La loi d'urgence agricole a été votée ce mardi pour venir en aide aux agriculteurs. Elle prévoit notamment la réintroduction, à titre dérogatoire pour certaines filières, de deux pesticides, dont l'acétamipride.
Une souplesse réclamée de longue date par les producteurs de betteraves notamment, comme par Amaury Le Vesque, agriculteur dans l'Eure et président de l'antenne locale de la FNSEA.
Des champs comme brûlés
"Là, vous avez une passerelle de betteraves qui est touchée par la jaunisse", pointe du doigt Amaury Le Vesque, dans son véhicule qui arrive aux abords de son champ. Large de 14 hectares, tous les légumes semblent comme brûlés par le soleil, mais sont en réalité contaminés par les insectes.
"Toutes les tâches jaunes que vous voyez là, c'est de la jaunisse nanisante et c'est contracté par le puceron, l'un des principaux nuisibles de la betterave". Or cette année a été particulièrement difficile pour l'agriculteur car "elle a été riche en pucerons et on n'a pas les moyens de lutter contre eux efficacement".

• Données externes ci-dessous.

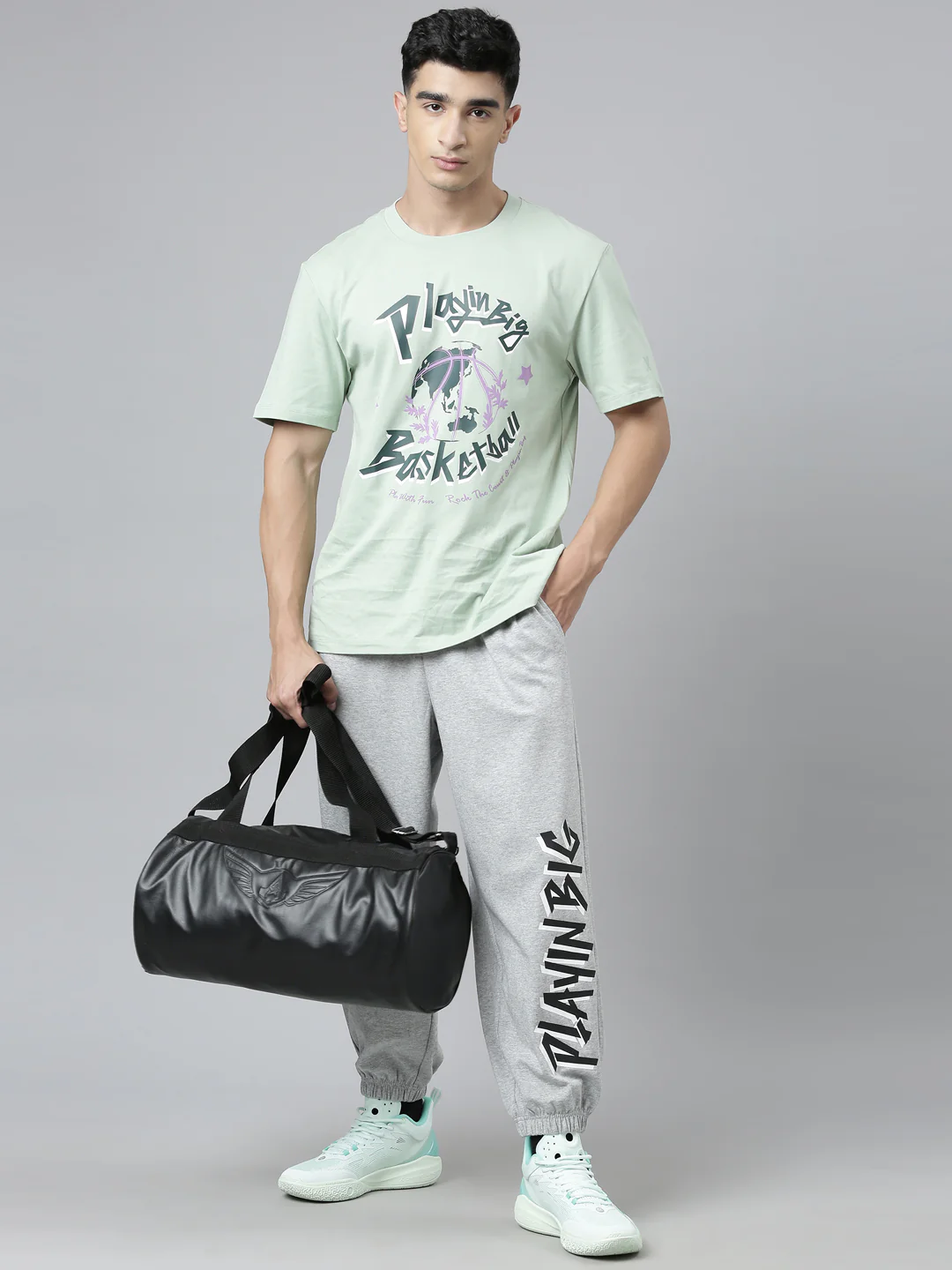 Comfort Knit 7/8 Basketball Pants - Black - Image 17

Effectivement, selon Amaury Le Vesque, l'acétamipride est l'insecticide le plus performant contre les pucerons. Or, avec l'interdiction de l'utiliser, des alternatives ont été proposées aux agriculteurs, mais en vain. "On avait, dans notre panel, trois molécules différentes, mais le seul souci qu'on avait, c'est qu'elles sont efficaces mais qu'à 25-30%".
Une perte de rendements importante
50%, c'est la perte de production à laquelle s'attend le producteur cette année. C'est pourquoi, à ses yeux, la loi d'urgence agricole va dans le bon sens. Il l'affirme, "cette loi, aujourd'hui, c'est le début de l'histoire. Il faut retrouver de la cohérence, il faut avoir confiance en les agriculteurs, pouvoir les laisser produire".

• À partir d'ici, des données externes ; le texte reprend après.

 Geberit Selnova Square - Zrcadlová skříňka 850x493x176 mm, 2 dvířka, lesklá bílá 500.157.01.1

Il rappelle notamment qu'aujourd'hui, la France est un pays davantage importateur qu'exportateur. Il "faut donc savoir ce que les Français veulent dans leur assiette. Est-ce qu'ils veulent des produits français ou des produits étrangers qui ne sont pas faits aux mêmes normes que les nôtres ?".
Le producteur reste tout de même prudent car le chemin législatif de la loi d'urgence reste encore long. Mais il l'assure, les agriculteurs se battront jusqu'au bout pour obtenir gain de cause et pouvoir vivre du fruit de leur labeur.